> **WHAT THE TASK ASKS**: Give again, word for word, the lines below that run from the line with "Step two of" through the line with "You're here because". Drop the pictures.
====== GIVEN RECORDS
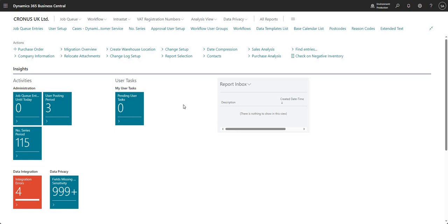Hi there everyone and welcome to this video. Today we are going to talk about data classification within Business Central.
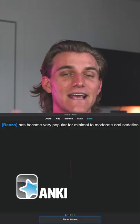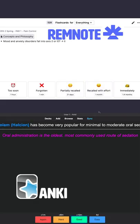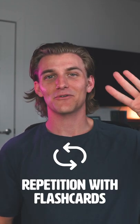Step two of my process is creating flashcards. I actually use Anki and RemNote, both wonderful flashcard apps. I go through the lectures, take all the bullet points on each slide and create flashcards out of them. This allows me to study with both active recall and spaced repetition.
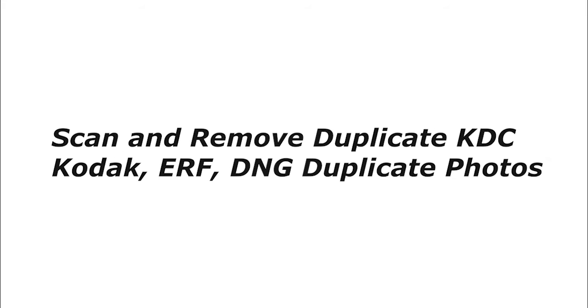Scan and remove duplicate KDC Kodak, ERF, DNG duplicate photos.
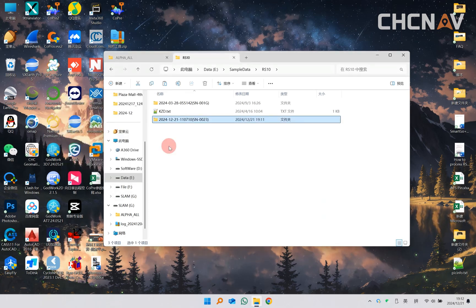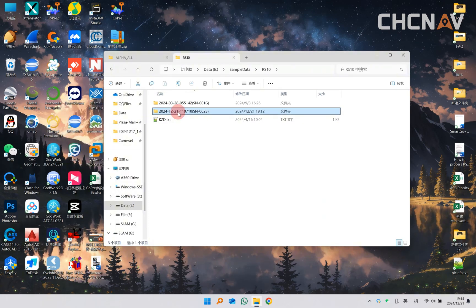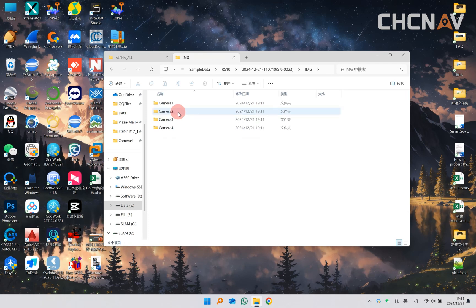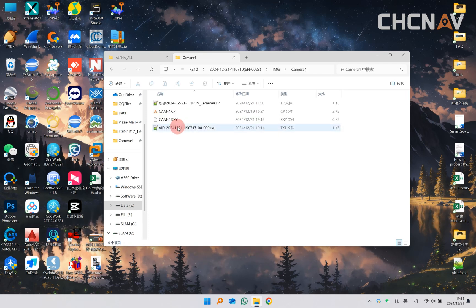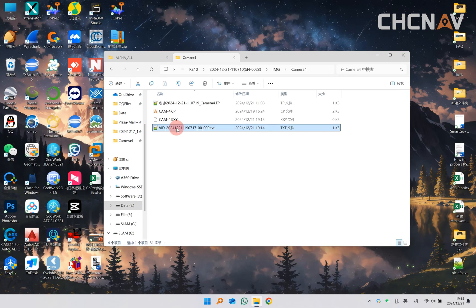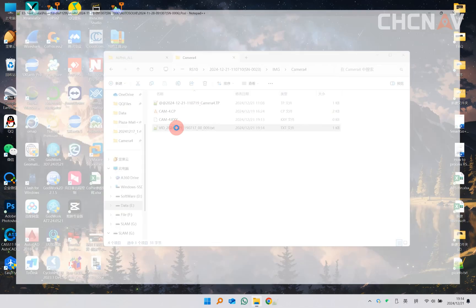After the copy is complete, open the Camera4 folder, find the TXT file in it, and check the panoramic file name corresponding to the project.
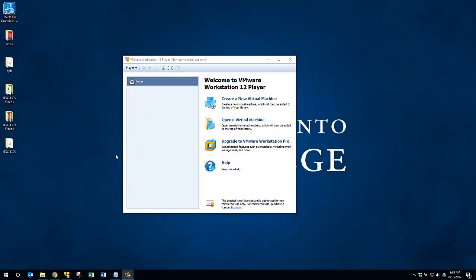I'm a professor of Computer Information Technology at San Jacinto College. Today I want to run through creating a Windows 7 virtual machine using VMware Workstation 12.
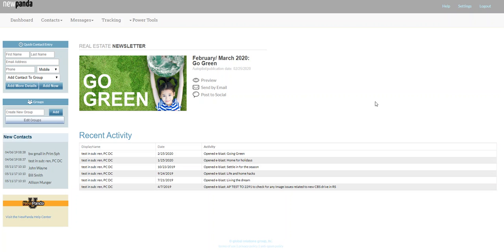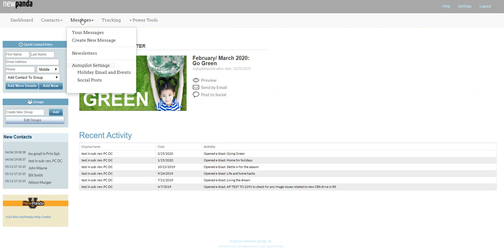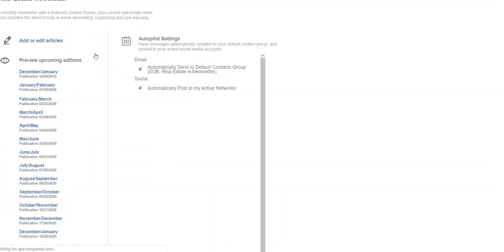It's super easy. Once you've signed into the app, all you need to do is go to the message dropdown menu and select newsletters. There you will see autopilot settings for email and/or social.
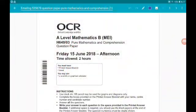Hey there guys, welcome to my walkthrough of the 2018 OCR MEI New Specification A-Level Maths, Paper 3, which is pure mathematics and comprehension. Each question is in its own video, you can get to the playlist from the description and I'll pin it as the top comment. Also in the description are the Paper 2 and Paper 1 walkthroughs as well as the website to get the papers and my A-Level content.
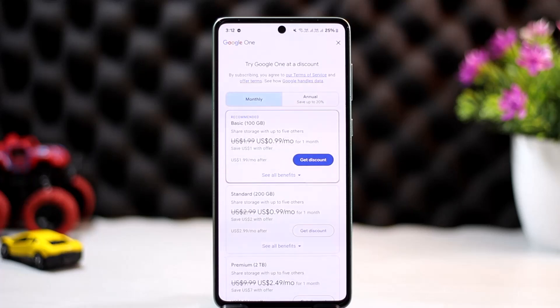This is how you can cancel your Google Photos or Google One subscription. Hope this video helped. Do like and subscribe, and don't forget to leave a comment below if you have any further issues.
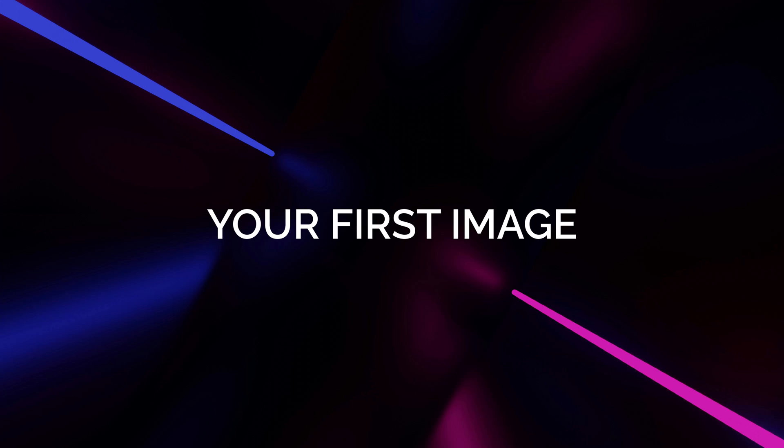You're here because you want to create photorealistic images with ChatGPT. Let's get started.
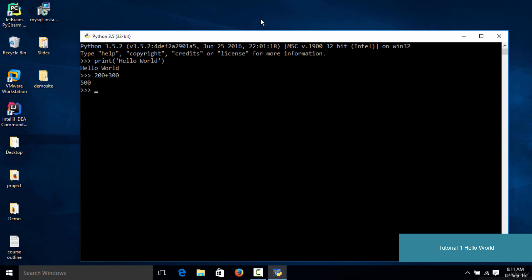You have the result. Now, similar to addition, you could also perform subtraction — so if you type in 200 minus 300, as you could see you get a negative result. You could also perform multiplication, like 75 multiplied by 32, and you are going to have an answer.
============
> **REPLY TO THE TASK**:
Step two of my process is creating flashcards. I actually use Anki and RemNote, both wonderful flashcard apps. I go through the lectures, take all the bullet points on each slide and create flashcards out of them. This allows me to study with both active recall and spaced repetition.
Scan and remove duplicate KDC Kodak, ERF, DNG duplicate photos.
After the copy is complete, open the Camera4 folder, find the TXT file in it, and check the panoramic file name corresponding to the project.
I'm a professor of Computer Information Technology at San Jacinto College. Today I want to run through creating a Windows 7 virtual machine using VMware Workstation 12.
It's super easy. Once you've signed into the app, all you need to do is go to the message dropdown menu and select newsletters. There you will see autopilot settings for email and/or social.
Hey there guys, welcome to my walkthrough of the 2018 OCR MEI New Specification A-Level Maths, Paper 3, which is pure mathematics and comprehension. Each question is in its own video, you can get to the playlist from the description and I'll pin it as the top comment. Also in the description are the Paper 2 and Paper 1 walkthroughs as well as the website to get the papers and my A-Level content.
This is how you can cancel your Google Photos or Google One subscription. Hope this video helped. Do like and subscribe, and don't forget to leave a comment below if you have any further issues.
You're here because you want to create photorealistic images with ChatGPT. Let's get started.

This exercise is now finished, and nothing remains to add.